OpenCode: Configured through ~/.config/opencode/opencode.json, similarly directing the client to the local inference endpoint and specifying the model's capabilities, including a 131,072-token context window.

Performance and Practical Utility: A Real-World Assessment

It's crucial to temper expectations. A local 9B parameter model is not a replacement for cloud-based State-of-the-Art (SOTA) models like GPT-4 or Gemini. It is more easily distracted, can get stuck in loops, and misinterpret requests.

The effective workflow is highly interactive. The model excels as a research assistant, a "rubber duck" for debugging, and a reference for programming language details. It cannot autonomously solve complex, multi-step problems but can assist significantly when guided step-by-step.

In testing, the model successfully analyzed and suggested fixes for Elixir Credo linter warnings and identified simple Git merge conflict resolutions. However, it sometimes failed to execute edits correctly, highlighting the need for user oversight.

Why It Matters: The Shift to Sustainable, Private AI

The drive towards local LLMs is multifaceted. It offers privacy (no data sent to the cloud), cost predictability (no subscription fees, just electricity), and offline capability. As noted in the experiment, it also reduces dependence on large US tech companies.

Furthermore, while the environmental cost of training these models is significant, using local hardware for inference shifts compute away from massive, energy-intensive data centers. The permissive Apache 2.0 license of newer models like Gemma 4, as reported by Ars Technica, further lowers the barrier to experimentation and innovation.

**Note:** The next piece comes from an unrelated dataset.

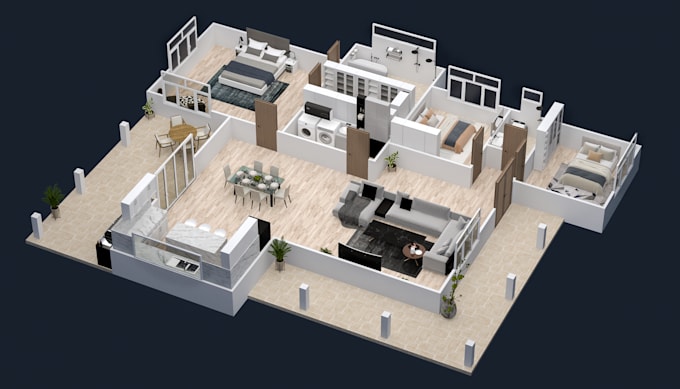 design 3d floor plans for visualization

Conclusion: A Viable Niche in an AI-Dominated Landscape

Running local LLMs on an M4 Mac with 24GB of RAM is a viable and rewarding endeavor for developers willing to navigate the initial setup complexity and accept the performance trade-offs. The global RAM shortage makes efficient use of available hardware paramount.

The ecosystem of open models (Qwen, Gemma), efficient inference engines (LM Studio, llama.cpp), and agent frameworks (Pi, OpenCode) is maturing rapidly. For tasks requiring instant recall, basic coding assistance, and offline operation, a local setup provides a powerful, private, and engaging alternative to cloud-based AI, carving out a sustainable niche in the broader AI revolution.